The world situation is very dynamic, sometimes
even turbulent and worrisome. Security threats and
challenges put at risk fundamental values and
principles, as well as the very nature of effective
international cooperation. Therefore, only a well-
functioning and transparent Security Council can react
to crisis situations in a timely manner in order to
protect international peace and security.
Poland perceives the enhancement of the
efficiency and transparency of the Council's work as
well as its enlargement as the key issues of Security
Council reform. Such reform should be built on the
assumption that membership not only grants privileges
but, first and foremost, increases responsibilities. We
truly believe that all Security Council members,
particularly the permanent ones, should defend and
secure the fundamental values set out in the Charter. In
no way should they undermine them.
Let me briefly underline some ideas that might be
helpful in our discussion.
First, the Security Council should further enhance
its cooperation with regional organizations, troop-
contributing countries, the Secretariat and the entire
United Nations system.
Secondly, the enlargement of the Council should
ensure the balanced representation of all regional
groups.
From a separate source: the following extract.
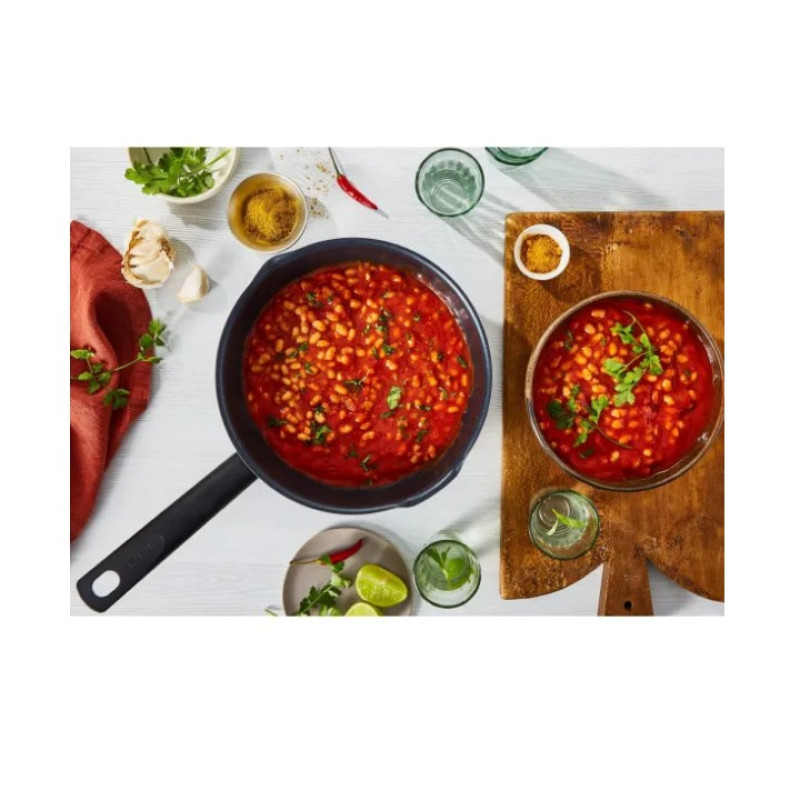 Сковорідка Tefal B5580423_SET Day by Day 24см (9100058683)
In this context we reaffirm our conviction that
an additional seat for the Eastern European Group
should also be envisaged, due to its substantial
enlargement in recent years.
Thirdly, we support more active engagement of
non-member States, especially countries directly
affected by conflict situations, in the work of the
Security Council, in particular during the process of
preparing draft resolutions, presidential statement and
press statements.
And fourthly, real improvement of the
functioning of the Security Council should also include
closer consultation with civil society.
Improving both the working methods and the
composition of the Security Council is not only a
question of enhancing the ability of the Council to
function effectively. It is a question of its very
credibility.
In conclusion, I would like to commend all
countries which have contributed to developing and
strengthening the current practices of the Council. My
special appreciation goes to the delegations of Costa Rica,
Jordan, Liechtenstein, Singapore and Switzerland - as
well as to those of Japan and Slovakia, which successfully
chaired the Security Council Informal Working Group on
Documentation and Other Procedural Questions.
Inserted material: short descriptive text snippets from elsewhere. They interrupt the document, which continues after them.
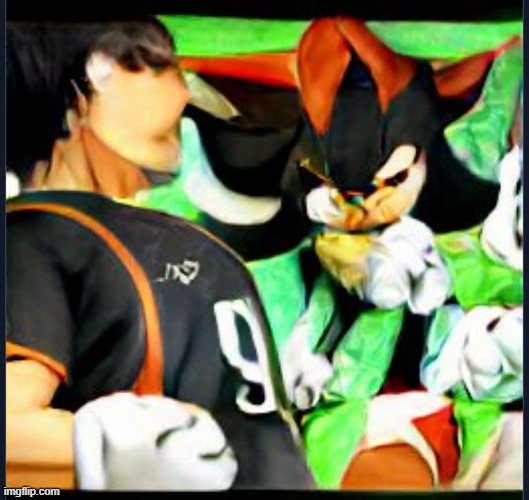 Forever enemies | made w/ Imgflip meme maker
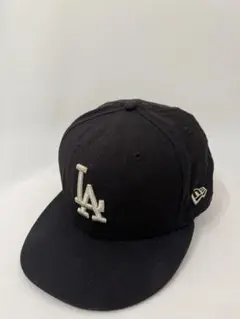 【NEW ERA】ロサンゼルス・ドジャース　ベースボールキャップ ブラック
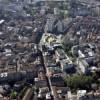Photos aériennes de Pau (64000) - Le Centre Ville | Pyrénées-Atlantiques, Aquitaine, France - Photo réf. N021149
The President (spoke in French): There are no
further speakers on my list.
Let me draw some personal conclusions from
today's debate. First of all, I want to thank all of the 45
colleagues who participated in the discussion, as well as
the Secretary-General, who took part in the debate. A
debate like today's offers both an opportunity and a
challenge. It gives all of us - in particular non-members
of the Council - an opportunity to state our views on the
functioning of the Security Council. Our colleague from
the United States used the term "consumer survey"
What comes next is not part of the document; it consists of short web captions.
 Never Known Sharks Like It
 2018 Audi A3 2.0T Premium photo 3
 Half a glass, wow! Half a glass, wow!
(S/PV5968, p. 10), which I think nicely sums up one of
the purposes of the debate.
It also poses a challenge. The question of the
working methods of the Security Council continues to
be a sensitive matter, as shown by the fact that 14 years
have passed since the first open debate on the issue,
held in 1994. For that reason, I greatly appreciated the
tone of the statements we heard, which was sometimes
frank but generally very constructive.
In my national statement, I indicated that, if
concrete and achievable ideas emerged from this
debate, I would it take it to be a success. I have in fact
taken note of a good number of such ideas. I also noted
that most delegations highlighted the key role of the
Council's Informal Working Group on Documentation
and Other Procedural Questions and urged it to benefit
from today's debate in order to come back to the
Council as soon as possible with a specific outcome.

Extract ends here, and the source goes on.